In the United States, people use more than 420 million gallons of gasoline in over 200 million vehicles everyday (with a total of seven billion miles traveled). That explains how dependent the country is to gasoline. And with the never-ceasing increase of gasoline prices, every car owner wants to know: where does my gasoline come from and how is it made?
If you own a car, you surely know how important gasoline is to your most prized investment. Of course, your car won’t run without gasoline. The power of your vehicle comes from the gasoline. But have you ever bothered to know where gasoline comes from?
Where does my gasoline come from, you might be asking now. Gasoline is a byproduct of crude oil, which comes from the remains or fossils of plants and animals that inhabited the Earth many years ago. That is why crude oil is called fossil fuel. Layers of sediment covered up these fossils, and extreme temperatures and pressure created mixtures of liquid hydrocarbons. A chemical combination of hydrogen and carbon, a hydrocarbon is commonly known as crude oil.
Since crude oil is composed of a combination of hydrocarbons, refineries divide hydrocarbons into various products. Aside from gasoline, the other refined crude oil products include kerosene, diesel, LPG (liquefied petroleum gases), cleaning solvents, jet fuel, residual fuel oil, heating oil, and other petroleum products. Refined crude oil is also used in manufacturing solid products such as plastics and asphalt.
So how is gasoline created from crude oil? Crude oil undergoes a refining method called fractional distillation—the same process used in making strong alcoholic drinks like rum, vodka, and whiskey—before it is converted into gasoline. The basic refining process involves dividing the crude oil into its different parts. This is done by heating the crude oil and pouring it into a distillation column for boiling or distilling the various hydrocarbon parts. The distillation column is a tall and cylindrical container with a lot of plates and trays where the distilled crude oil is condensed. Then the hydrocarbon compounds are condensed at varying temperatures. After the distillation of crude oil, the outcome undergoes transformation of molecular structure through chemical reactions. And the chemical reactions are achieved through a catalyst or a chemical that speeds up chemical reaction without being used in the reaction. Some chemical reactions are made through variations in pressure and heat.

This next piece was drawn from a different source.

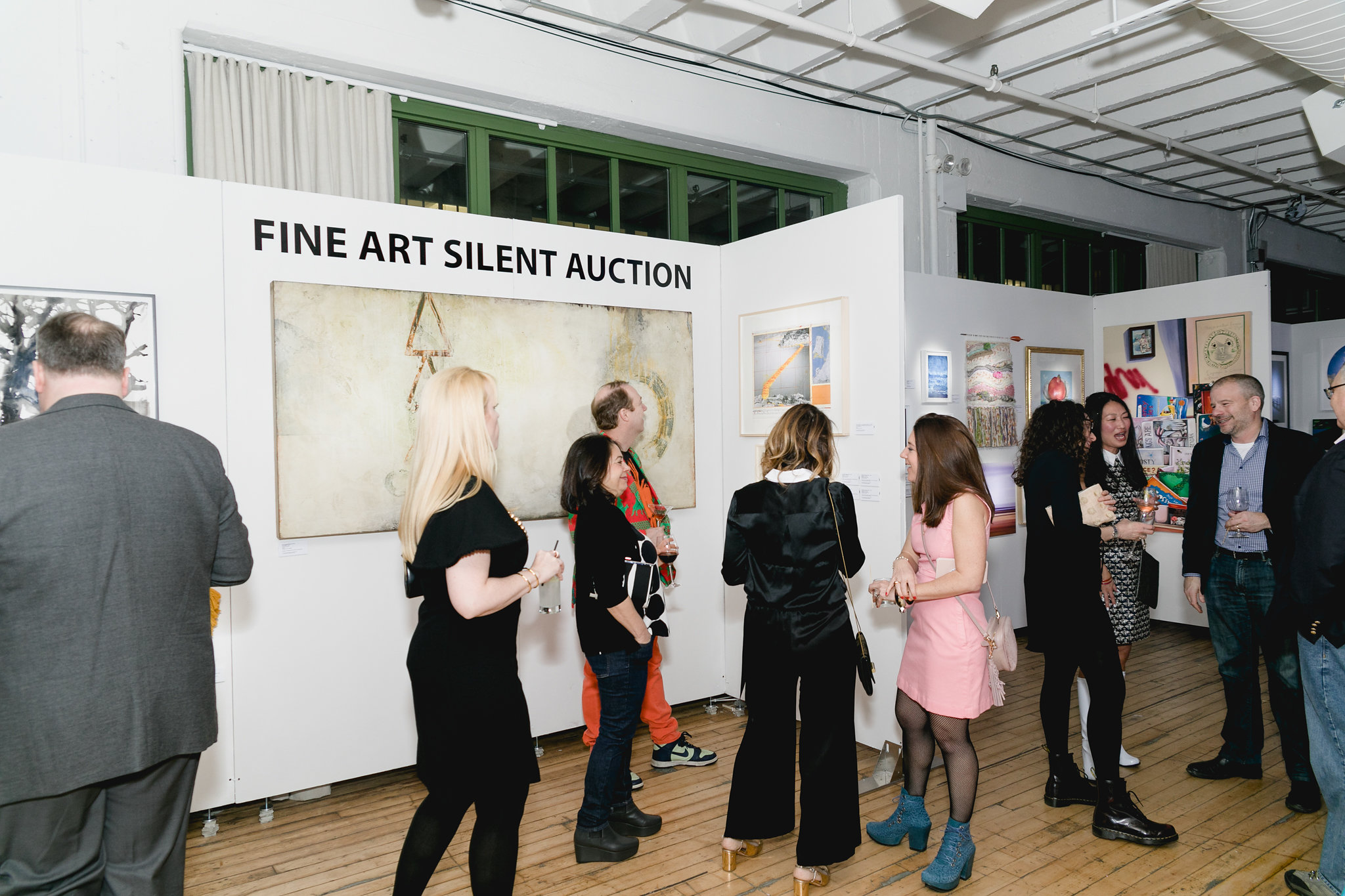 Wide venue shot — guests moving through, art on walls, the full room in motion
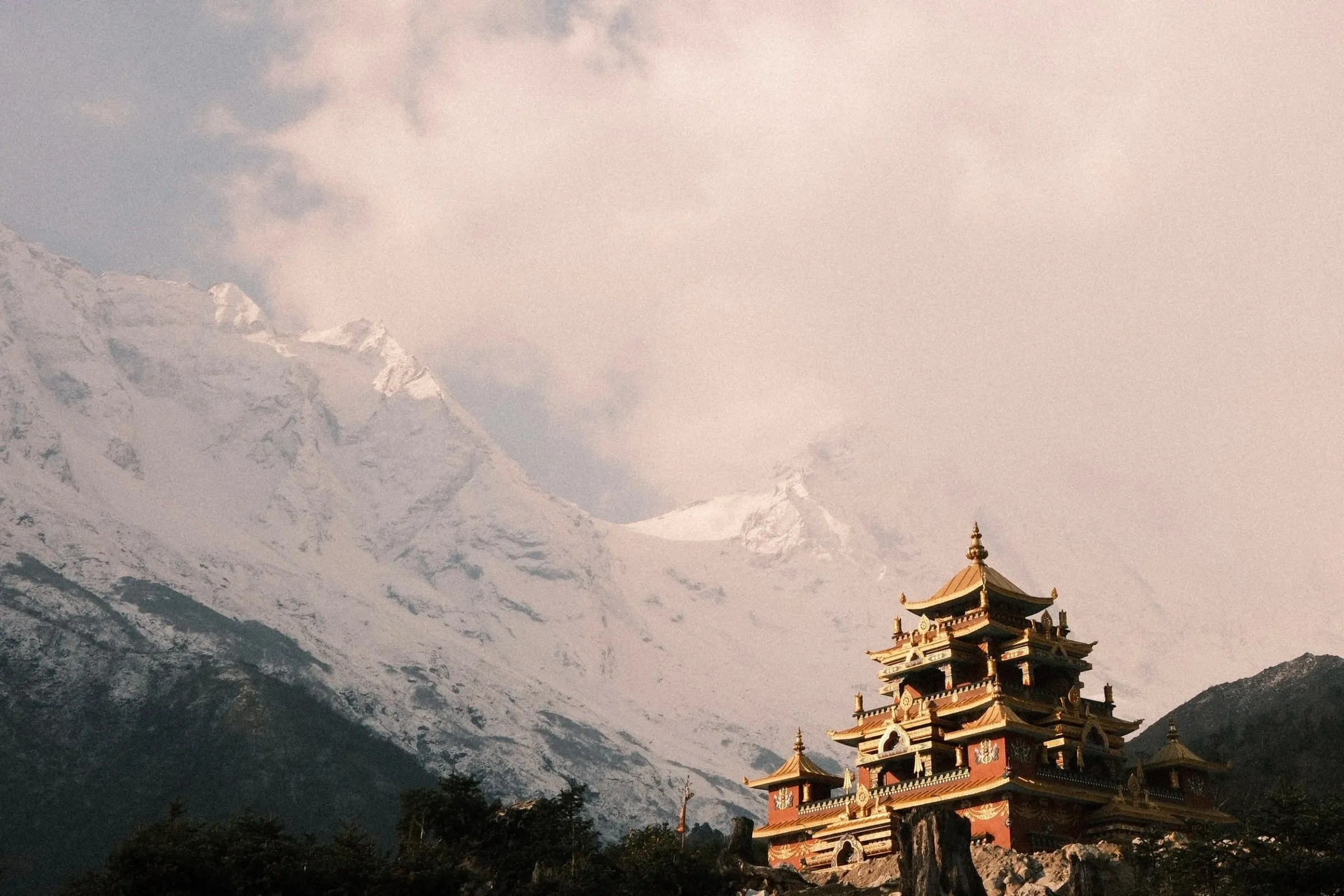 A monastery with tiered roofs beneath cloud-covered snow peaks near Lho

The type of refinery and the location determine the percentage of crude oil that is used to make gasoline. In countries like the United States with high demand for gasoline, the crude oil is pegged at around 50%. The figure is quite lower in Asia and Europe, though these regions produce higher proportions of other petroleum products such as heating oil and diesel oil.
At this point, your question as to “where does my gasoline come from” has been answered. To sum it up, gasoline is made from crude oil, which is fossil fuel that has gone through the refinery processes created by nature, and man.